--- Material shown ---
● ● ● ●

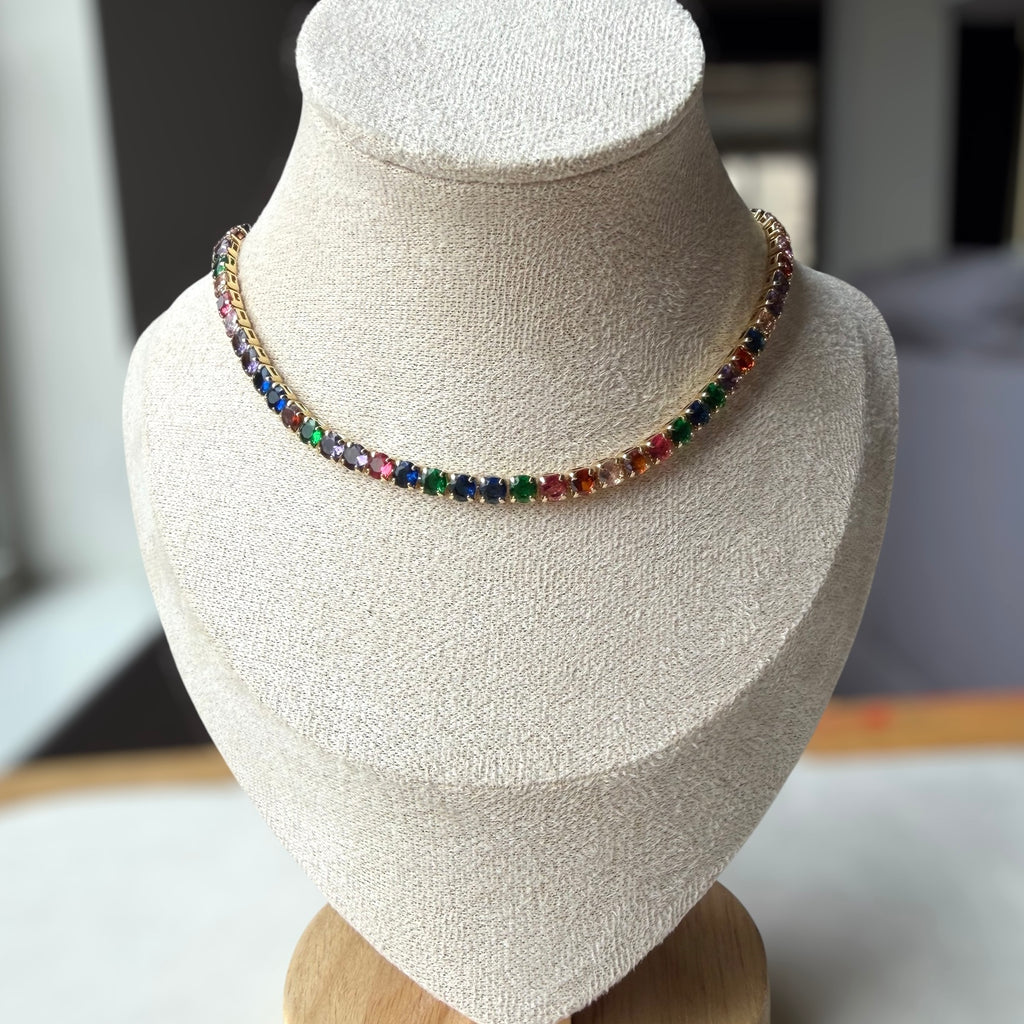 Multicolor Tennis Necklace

● ● ● ●

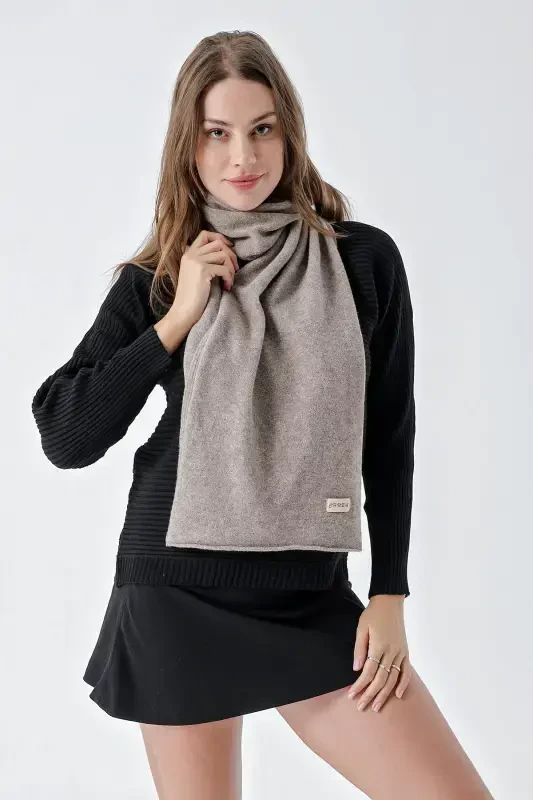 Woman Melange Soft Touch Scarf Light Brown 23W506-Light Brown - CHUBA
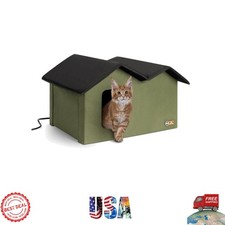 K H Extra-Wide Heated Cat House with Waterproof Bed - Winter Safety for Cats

● ● ● ●

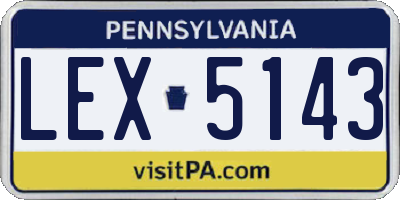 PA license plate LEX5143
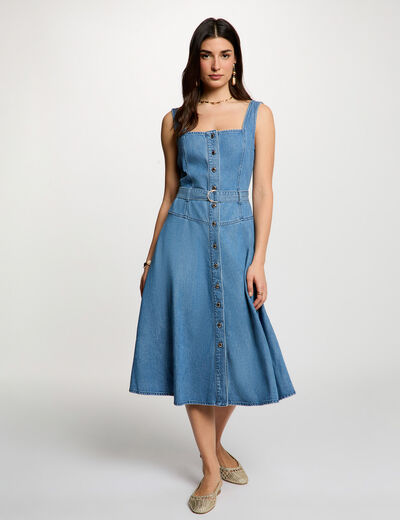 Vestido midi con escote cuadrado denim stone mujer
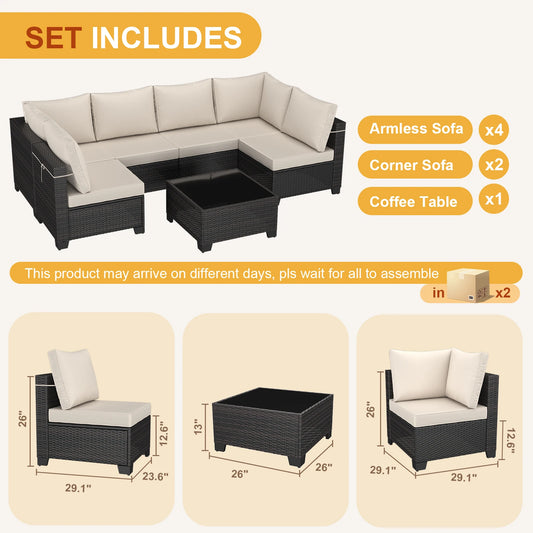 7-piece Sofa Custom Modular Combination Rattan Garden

● ● ● ●

--- Task goal ---
Quote word for word only the lines above from the one containing "Vestido midi con" through the one containing "7-piece Sofa Custom". Pictures stay out of your copy.

--- Expected answer ---
 Vestido midi con escote cuadrado denim stone mujer
 7-piece Sofa Custom Modular Combination Rattan Garden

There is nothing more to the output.